• _Exercise requirements_:
Each line, starting at the one with "Amooca Universal Car" and running to the end of the data below, is to be set down again exactly, both ends included; leave pictures out.

━━━━━ Extracted data ━━━━━

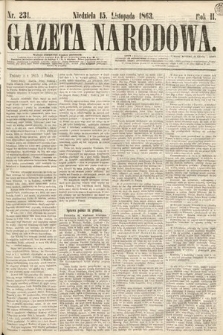 Gazeta Narodowa. 1863, nr 231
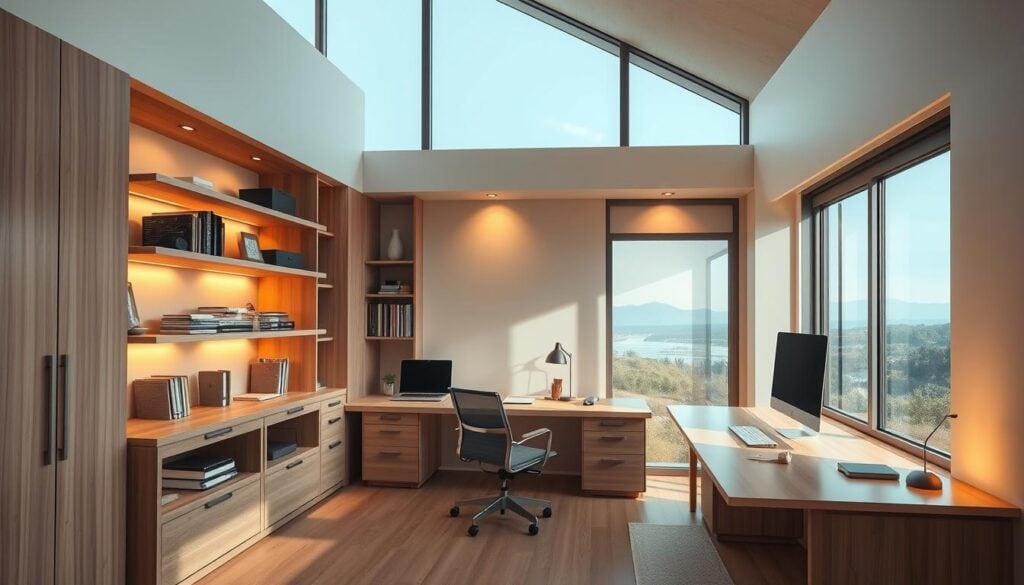 A minimalist, modern home office with sleek, customizable storage solutions. Streamlined shelves, hidden drawers, and modular organizers neatly stow away essentials. Warm, directional lighting highlights the clean lines and natural wood tones. The scene conveys an atmosphere of organized productivity, with every item thoughtfully placed for maximum efficiency. A large, panoramic window provides ample natural illumination, blending the interior with the serene outdoor landscape. The overall composition showcases a harmonious balance of form and function, inspiring a sense of calm focus. A minimalist, modern home office with sleek, customizable storage solutions. Streamlined shelves, hidden drawers, and modular organizers neatly stow away essentials. Warm, directional lighting highlights the clean lines and natural wood tones. The scene conveys an atmosphere of organized productivity, with every item thoughtfully placed for maximum efficiency. A large, panoramic window provides ample natural illumination, blending the interior with the serene outdoor landscape. The overall composition showcases a harmonious balance of form and function, inspiring a sense of calm focus.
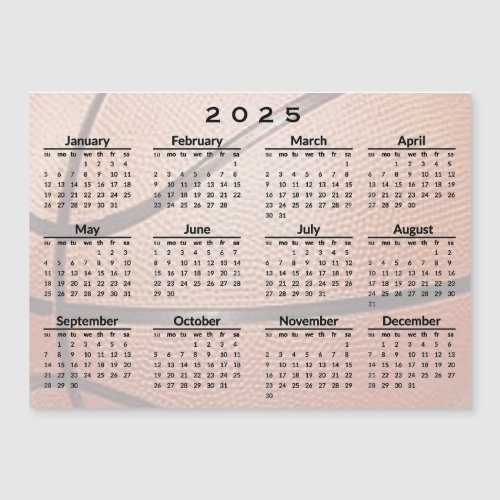 Basketball Design 2025 Calendar Magnetic Card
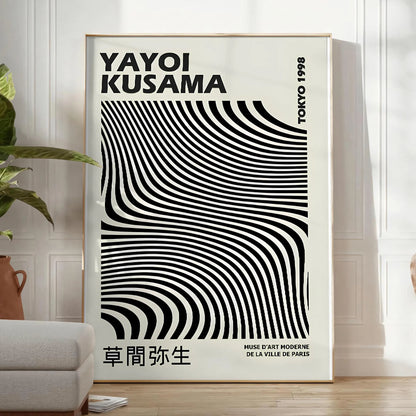 space stunning black white Yayoi Kusama poster art lovers captivating wall unique gift stylish addition room various sizes A4 cm A0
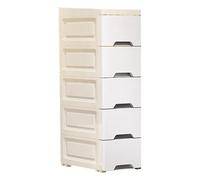 Bathroom Storage Cabinet, Standing Organizer with Casters, 5-Tier Vertical Drawer Design and Space-Saving Shelf Unit for Small Spaces, Hotel, Apartment, Kitchen, White and Mixed Colored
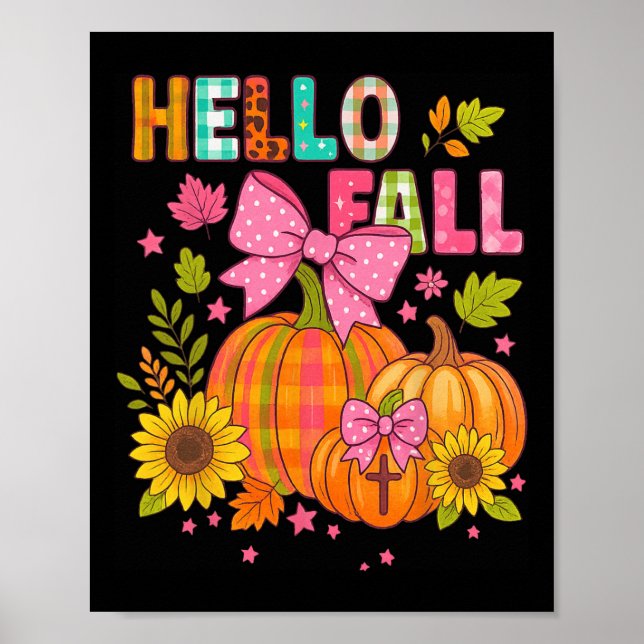 Hello Fall Thanksgiving Coquette Boho Floral Fall  Poster (Front)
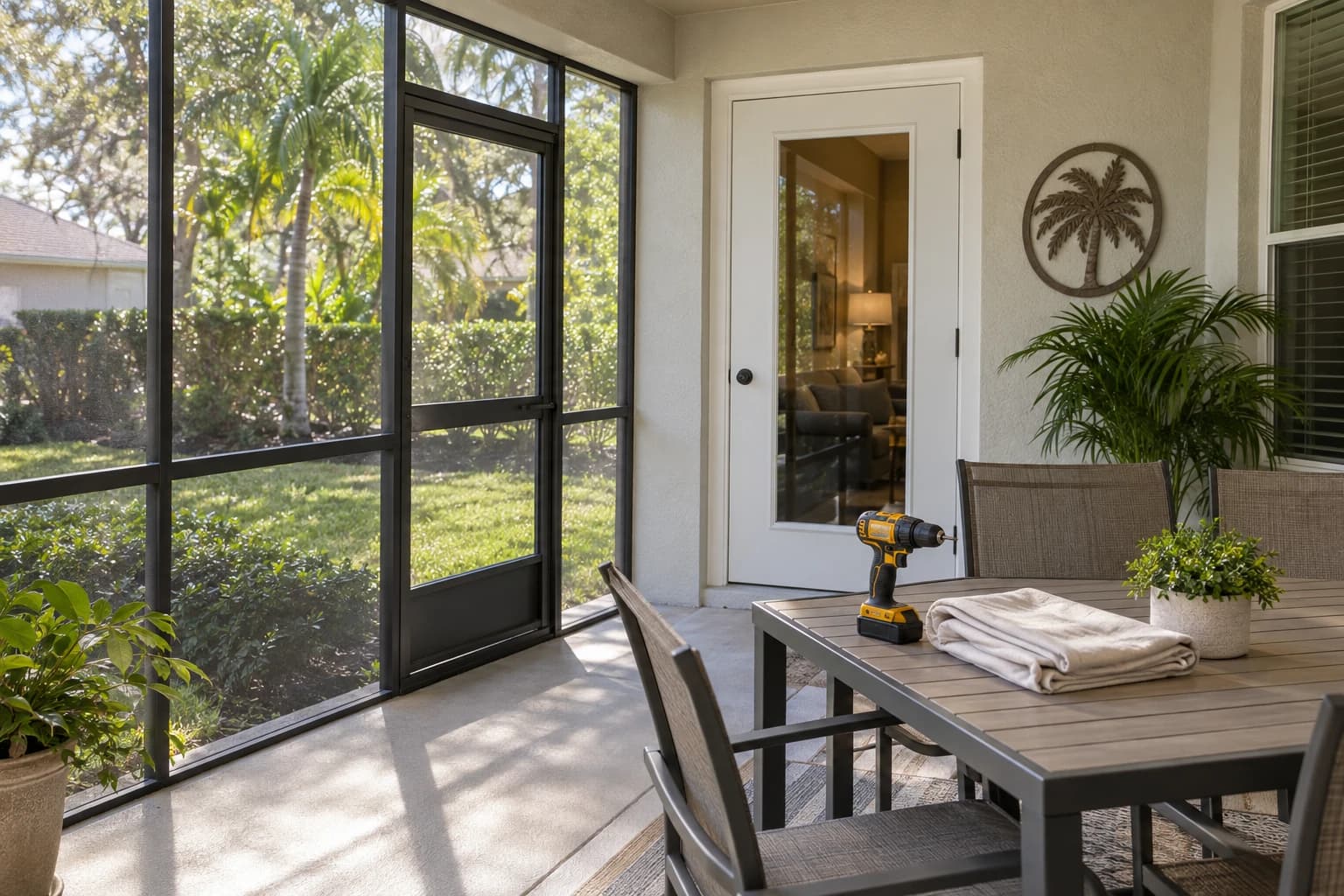 A tidy screened lanai at a Central Florida home with a new screen panel and a freshly painted back door, with a cordless drill and a folded drop cloth resting on the patio table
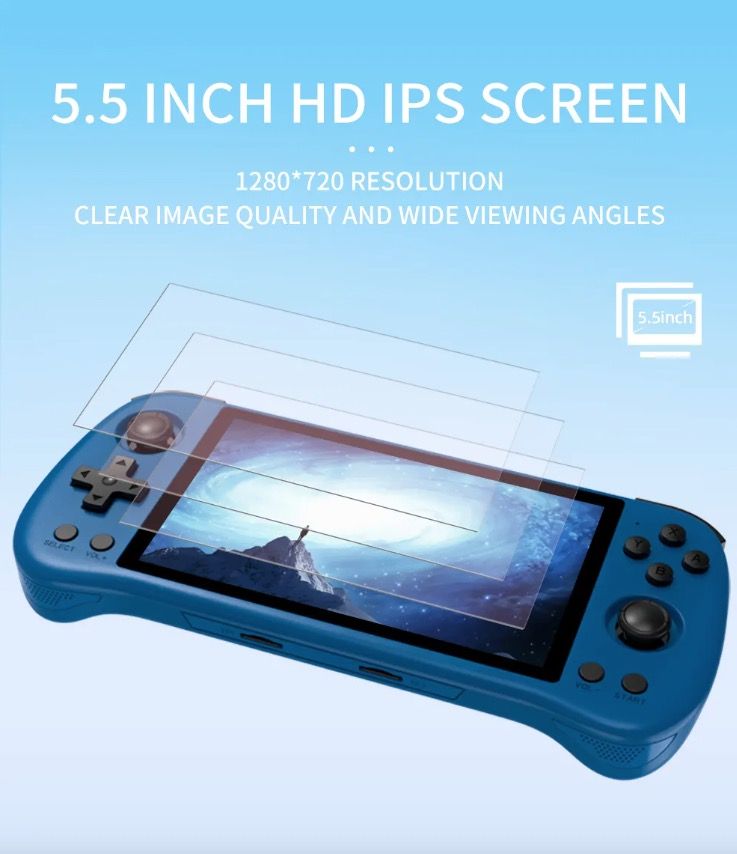 Entdecken Sie die POWKIDDY X55 Retro-Gaming Handheld-Spielkonsole mit 5.5 Zoll Bildschirm und RK3566 Prozessor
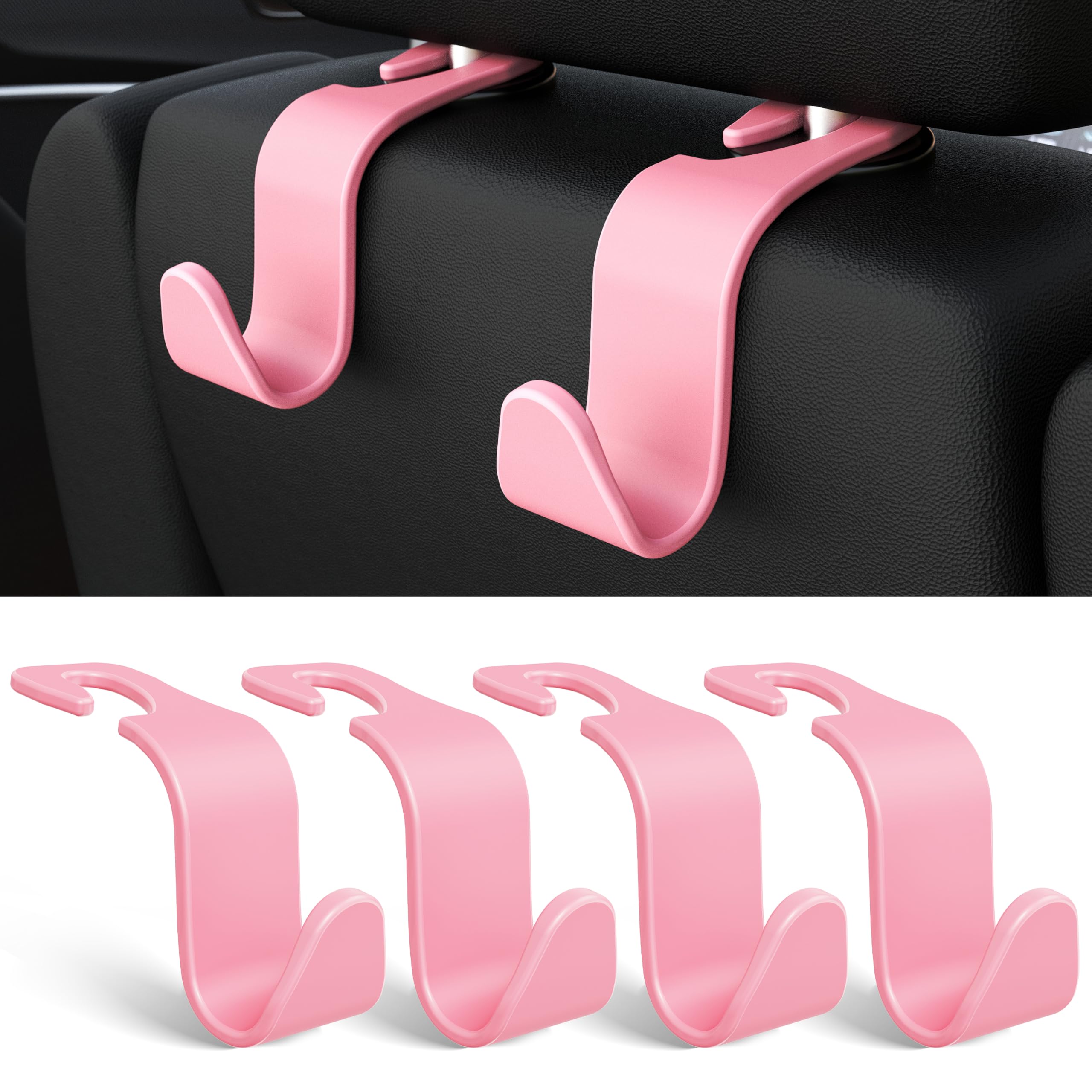 Amooca Universal Car Headrest Hooks, Car Organizer Hanger Storage Hooks for Bag Purse Cloth Grocery (Pink Set of 4)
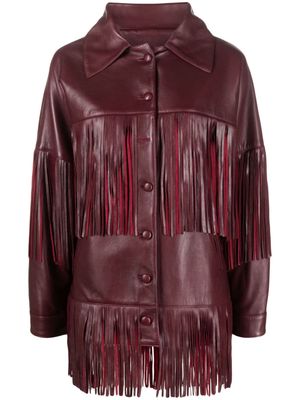 DANCASSAB fringed leather jacket - Red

━━━━━

• _Answer to the exercise_:
 Amooca Universal Car Headrest Hooks, Car Organizer Hanger Storage Hooks for Bag Purse Cloth Grocery (Pink Set of 4)
 DANCASSAB fringed leather jacket - Red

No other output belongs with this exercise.